Details
- Span of crimes: 1997–2002
- Country: United States
- State: California
- Date apprehended: November 2002

= Mark Wayne Rathbun =

American rapist

Mark Wayne Rathbun, better known as the Belmont Shore Rapist, is an American serial rapist who was active on the west coast of the United States during the late 1990s and early 2000s. Between 1997 and 2002, Rathbun committed at least fourteen rapes in Los Angeles County and Orange County, California. Many of Rathbun's attacks were committed in the Belmont Shore district of Long Beach, California, hence his nickname. In addition to striking in Long Beach, Rathbun was also active in the cities of Huntington Beach and Los Alamitos.

Rathbun's modus operandi was to commit a hot prowl burglary coupled with a sexual attack. Rathbun would break into a victim's home in the middle of the night, enter her bedroom wearing a mask, remove his clothing, then pounce on his victim in her bed while she slept. All of Rathbun's confirmed victims were single women, ranging in age from thirty-four to seventy-seven, most of whom lived alone.

After being identified as a suspect in the Belmont Shore rape series, Rathbun was arrested in Oxnard, California in November 2002. Detectives obtained an oral swab from Rathbun while he was in custody, and a criminalist was able to match this sample to biological evidence which was left behind at the Belmont Shore Rapist's crime scenes. As a result, the Los Angeles County District Attorney's Office charged Rathbun with sixty-three felony counts in 2003. Following his indictment in California, authorities in Seattle, Washington linked Rathbun's DNA to rapes which were committed in their jurisdiction.

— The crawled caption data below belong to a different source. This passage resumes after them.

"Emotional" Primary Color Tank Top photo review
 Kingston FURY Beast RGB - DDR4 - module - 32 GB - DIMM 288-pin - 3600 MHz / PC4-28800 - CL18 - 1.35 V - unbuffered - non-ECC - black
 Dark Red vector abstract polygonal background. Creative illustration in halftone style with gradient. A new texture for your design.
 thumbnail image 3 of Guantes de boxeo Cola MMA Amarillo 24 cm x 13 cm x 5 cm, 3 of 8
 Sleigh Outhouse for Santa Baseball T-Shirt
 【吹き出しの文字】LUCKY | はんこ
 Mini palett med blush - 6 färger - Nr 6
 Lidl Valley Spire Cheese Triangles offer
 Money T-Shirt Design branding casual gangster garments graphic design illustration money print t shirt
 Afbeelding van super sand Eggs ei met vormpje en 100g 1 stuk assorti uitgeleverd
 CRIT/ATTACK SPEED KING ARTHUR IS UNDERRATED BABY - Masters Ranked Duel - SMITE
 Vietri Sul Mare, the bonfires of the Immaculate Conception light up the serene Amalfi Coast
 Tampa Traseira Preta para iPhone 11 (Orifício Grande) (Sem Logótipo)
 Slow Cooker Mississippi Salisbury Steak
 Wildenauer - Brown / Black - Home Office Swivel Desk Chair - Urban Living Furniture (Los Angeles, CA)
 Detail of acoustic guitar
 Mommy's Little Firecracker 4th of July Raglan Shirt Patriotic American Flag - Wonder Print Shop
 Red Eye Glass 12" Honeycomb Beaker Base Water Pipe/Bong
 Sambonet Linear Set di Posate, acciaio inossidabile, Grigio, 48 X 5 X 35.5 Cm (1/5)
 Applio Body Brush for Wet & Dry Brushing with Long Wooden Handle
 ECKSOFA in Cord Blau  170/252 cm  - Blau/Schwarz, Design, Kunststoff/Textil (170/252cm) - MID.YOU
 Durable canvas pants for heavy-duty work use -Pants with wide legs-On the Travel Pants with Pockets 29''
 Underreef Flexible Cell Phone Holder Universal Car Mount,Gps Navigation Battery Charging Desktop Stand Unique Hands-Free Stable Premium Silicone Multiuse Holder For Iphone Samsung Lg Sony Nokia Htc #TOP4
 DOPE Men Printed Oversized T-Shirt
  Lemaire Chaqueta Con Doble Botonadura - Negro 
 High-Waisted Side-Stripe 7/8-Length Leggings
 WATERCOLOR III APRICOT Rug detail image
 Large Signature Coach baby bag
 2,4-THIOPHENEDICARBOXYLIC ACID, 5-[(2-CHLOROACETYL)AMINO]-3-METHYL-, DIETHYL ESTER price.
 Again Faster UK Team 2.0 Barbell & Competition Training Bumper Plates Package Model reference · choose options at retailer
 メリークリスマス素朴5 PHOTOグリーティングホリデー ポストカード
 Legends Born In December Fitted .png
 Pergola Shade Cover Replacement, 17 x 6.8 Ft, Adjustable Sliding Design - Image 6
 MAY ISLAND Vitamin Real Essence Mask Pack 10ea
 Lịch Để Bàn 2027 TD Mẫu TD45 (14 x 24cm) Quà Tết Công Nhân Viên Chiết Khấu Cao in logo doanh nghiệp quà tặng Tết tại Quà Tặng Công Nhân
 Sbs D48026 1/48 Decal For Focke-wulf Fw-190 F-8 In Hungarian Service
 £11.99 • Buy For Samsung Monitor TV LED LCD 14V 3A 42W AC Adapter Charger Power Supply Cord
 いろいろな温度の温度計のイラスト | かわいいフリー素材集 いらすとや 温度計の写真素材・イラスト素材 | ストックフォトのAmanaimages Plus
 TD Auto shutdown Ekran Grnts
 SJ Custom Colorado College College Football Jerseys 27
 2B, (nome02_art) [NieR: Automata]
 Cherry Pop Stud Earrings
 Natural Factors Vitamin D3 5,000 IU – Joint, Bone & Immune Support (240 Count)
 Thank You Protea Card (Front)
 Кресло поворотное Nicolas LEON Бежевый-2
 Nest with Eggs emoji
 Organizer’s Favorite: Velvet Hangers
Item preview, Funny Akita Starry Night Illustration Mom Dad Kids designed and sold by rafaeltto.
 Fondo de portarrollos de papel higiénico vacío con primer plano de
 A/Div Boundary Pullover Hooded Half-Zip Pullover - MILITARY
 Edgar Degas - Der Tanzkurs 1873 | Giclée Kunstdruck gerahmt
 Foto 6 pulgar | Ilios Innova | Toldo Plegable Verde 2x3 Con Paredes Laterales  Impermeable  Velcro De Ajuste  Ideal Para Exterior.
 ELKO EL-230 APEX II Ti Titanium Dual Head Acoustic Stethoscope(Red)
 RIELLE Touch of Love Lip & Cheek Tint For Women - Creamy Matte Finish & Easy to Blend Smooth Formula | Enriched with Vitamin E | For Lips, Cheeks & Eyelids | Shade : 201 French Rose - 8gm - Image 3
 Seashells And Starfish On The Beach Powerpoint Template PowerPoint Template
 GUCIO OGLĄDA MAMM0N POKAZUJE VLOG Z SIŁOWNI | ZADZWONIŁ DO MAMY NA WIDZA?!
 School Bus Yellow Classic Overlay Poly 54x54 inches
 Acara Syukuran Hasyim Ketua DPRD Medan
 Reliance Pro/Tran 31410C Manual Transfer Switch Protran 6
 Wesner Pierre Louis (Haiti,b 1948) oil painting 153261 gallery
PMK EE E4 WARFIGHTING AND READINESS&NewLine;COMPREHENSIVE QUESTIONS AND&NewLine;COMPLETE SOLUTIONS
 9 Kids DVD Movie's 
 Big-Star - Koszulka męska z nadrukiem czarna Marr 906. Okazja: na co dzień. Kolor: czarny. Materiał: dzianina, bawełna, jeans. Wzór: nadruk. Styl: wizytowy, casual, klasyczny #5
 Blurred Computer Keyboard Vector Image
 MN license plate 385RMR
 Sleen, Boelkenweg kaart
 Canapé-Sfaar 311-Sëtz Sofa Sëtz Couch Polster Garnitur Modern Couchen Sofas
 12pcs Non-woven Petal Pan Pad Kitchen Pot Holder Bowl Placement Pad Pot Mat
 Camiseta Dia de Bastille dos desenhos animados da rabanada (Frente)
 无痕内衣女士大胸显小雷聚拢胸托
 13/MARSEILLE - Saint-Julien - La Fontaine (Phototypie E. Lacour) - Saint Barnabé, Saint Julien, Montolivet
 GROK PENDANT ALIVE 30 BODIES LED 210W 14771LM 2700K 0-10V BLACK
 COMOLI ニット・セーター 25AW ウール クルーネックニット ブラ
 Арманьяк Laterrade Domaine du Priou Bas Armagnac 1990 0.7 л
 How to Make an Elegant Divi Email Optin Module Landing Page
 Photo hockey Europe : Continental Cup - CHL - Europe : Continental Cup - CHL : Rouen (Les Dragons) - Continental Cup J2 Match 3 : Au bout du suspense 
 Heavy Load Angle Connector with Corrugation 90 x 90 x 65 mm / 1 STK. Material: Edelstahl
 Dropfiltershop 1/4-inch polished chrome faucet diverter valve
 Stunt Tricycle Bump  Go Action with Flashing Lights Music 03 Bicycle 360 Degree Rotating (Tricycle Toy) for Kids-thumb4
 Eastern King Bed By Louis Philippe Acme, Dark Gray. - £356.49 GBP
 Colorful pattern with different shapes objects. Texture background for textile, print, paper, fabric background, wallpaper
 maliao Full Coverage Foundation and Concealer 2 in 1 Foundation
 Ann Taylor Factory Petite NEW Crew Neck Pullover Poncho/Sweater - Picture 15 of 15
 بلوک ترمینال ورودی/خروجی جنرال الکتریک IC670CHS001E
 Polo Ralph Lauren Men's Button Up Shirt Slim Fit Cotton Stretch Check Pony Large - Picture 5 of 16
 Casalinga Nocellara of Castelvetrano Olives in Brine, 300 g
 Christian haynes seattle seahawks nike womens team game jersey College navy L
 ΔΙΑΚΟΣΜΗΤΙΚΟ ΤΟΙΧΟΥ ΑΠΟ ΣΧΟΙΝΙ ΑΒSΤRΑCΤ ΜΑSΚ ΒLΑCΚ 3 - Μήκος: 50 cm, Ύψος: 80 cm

In August 2004, an eight man, four woman jury found Rathbun guilty of fifty-nine felonies, including multiple counts of forcible rape, forcible oral copulation, sodomy by use of force, penetration with a foreign object, first-degree burglary, and assault. Prior to being convicted as the Belmost Shore Rapist, Rathbun had accumulated convictions for burglary and false imprisonment. However, Rathbun had only received probation for his earlier convictions.

On September 15, 2004, Los Angeles County Superior Court Judge Joan Camparet-Cassani sentenced Rathbun to 1,030 years, plus ten life terms, in prison.

On October 13, 2008, a jury in King County, Washington convicted Rathbun of three rapes which occurred in the Phinney Ridge neighborhood of Seattle in 1996. Rathbun was sentenced to 100 years in prison for these crimes. His sentence will run consecutive to his sentences in California, where he is being held presently.